О «мистическом экстазе» мечтал и Александр Скрябин. Однажды он сказал, что его оркестровая «Поэма экстаза» могла бы быть «канвою для некоторого символического театрального действия пантомимически-балетного типа»[251]. К Дункан композитор относился с большим интересом и уважением – ходили слухи, что она как-то импровизировала под его игру[252]. Но искусство ее раскрепощенных последовательниц Скрябин считал слишком «материальным» и хотел, чтобы танцевальный экстаз выражался более сдержанно – как «пламя подо льдом», вроде входящего в моду танго[253]. «Экстазы» же дунканисток протекали подчеркнуто бурно. Дункан даже упрекали в том, что она монополизировала сценическое выражение экстаза, создала определенный его канон – «постоянно повторяющиеся устремления вверх, когда, замирая в экстазе, она и взорами, и воздетыми руками, и всем ритмом замершего тела тянется ввысь»[254]. Сторонники балета утверждали, что тот не хуже свободного танца может выражать «самые крайние чувства», а его виртуозность не противоречит «оргиазму». «Книга ликований» – назвал свой трактат о балете литературный критик и балетоман Аким Волынский[255], а художник Михаил Ларионов считал, что в балете возможностей для выражения экстаза даже больше, хотя бы потому, что балет обладает бóльшим разнообразием положений и комбинаций. Правда – оговаривался он – при условии, что «вы обладаете живым темпераментом и воображением и… подвержены экстатическому состоянию в момент творчества или исполнения»[256].
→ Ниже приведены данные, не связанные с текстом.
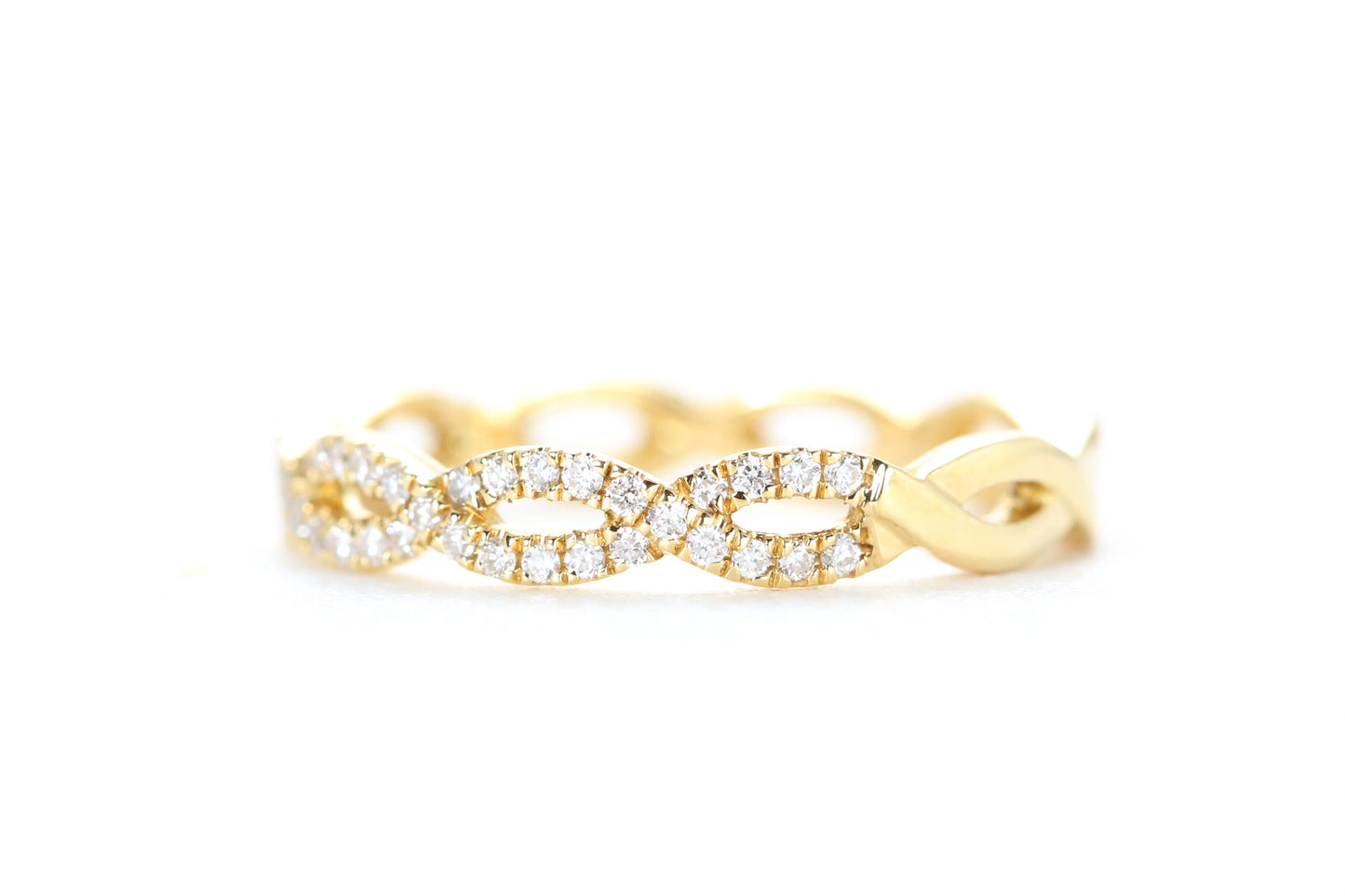 Woven Diamond Ring Yellow Gold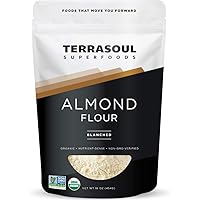 Terrasoul Superfoods Organic Almond Flour, 1 Lb - Fine Texture | Grain-Free | Gluten-Free | Perfect for Keto Baking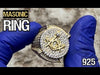 14K Gold Plated over 925 Sterling Silver Iced Flooded Out CZ Masonic Master Mason Ring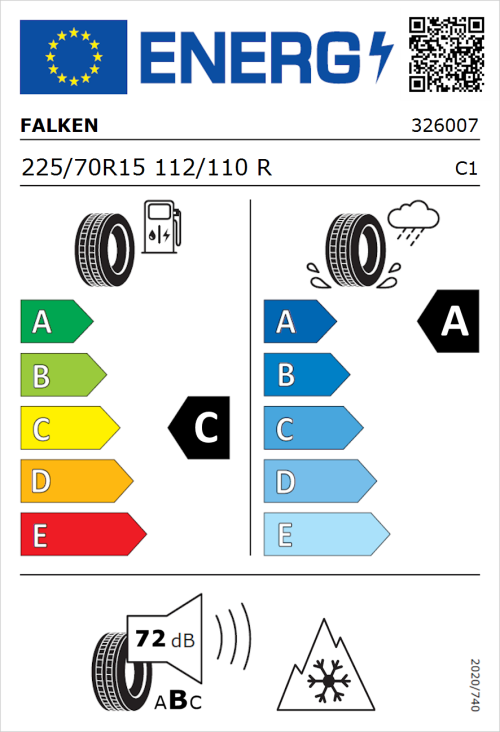 Tyre Label for Falken Eurowinter VAN01 225/70R15 112/110R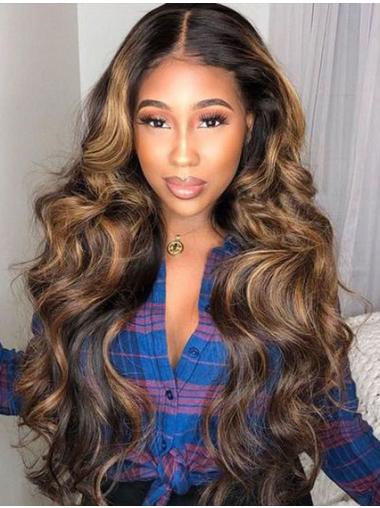 Body Wave Wigs With Highlights 100% Human Hair Pre Plucked Lace Front Wig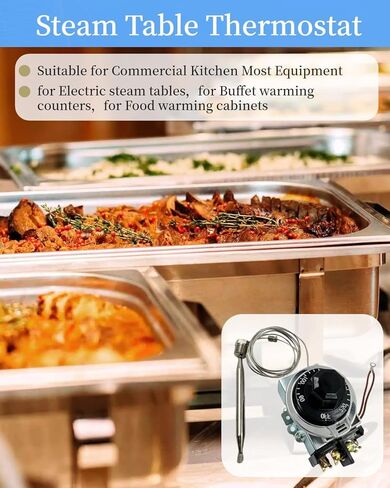 Thermostat Fit for Steam Table, Buffet Table Temperature Control, 30A RES 125-277VAC, Temp Range 60-250°F Temp Controller with 3/8" X 4-1/2" Bulb in Kuwait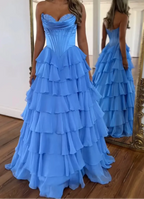A-Line Strapless V-Neck Tiered Empire-Waist Long Formal Prom Dresses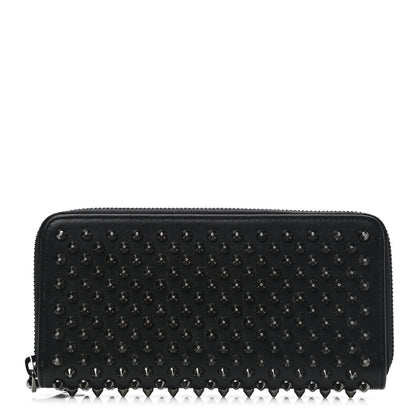 Christian Louboutin Calfskin Panettone Spiked Zip Around Wallet Black 1 of 8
Но как сочетать дионисийский экстаз с техническим мастерством? Дункан презирала изнурительный классический экзерсис и заявляла, что «училась танцевать у Терпсихоры»[257]. Но и у нее имелись свои секреты. По наблюдениям Николая Евреинова, «гениальная простота» танцев Айседоры – это «простота классического приема»[258], максимальная выразительность при минимуме художественных средств. Грациозные движения и позы, а также пластический канон для выражения чувств дунканисты заимствовали у античности и Дельсарта. Представительница немецкого танца модерн Мэри Вигман считала, что художественная форма в танце важна не менее чувства, и любила повторять: «Без экстаза нет танца; без формы нет танца»[259]. «Дионисийский экстаз», «экстатическая пляска» были частью эстетической программы свободного танца – следовательно, определенной концепцией. Но такой «концептуальный» характер экстаза и других выражаемых на сцене чувств еще не означает, что они уступают по силе или менее реальны, чем чувства, испытываемые в жизни. Напротив, переживаемый на сцене экстаз может быть интенсивнее повседневных эмоций.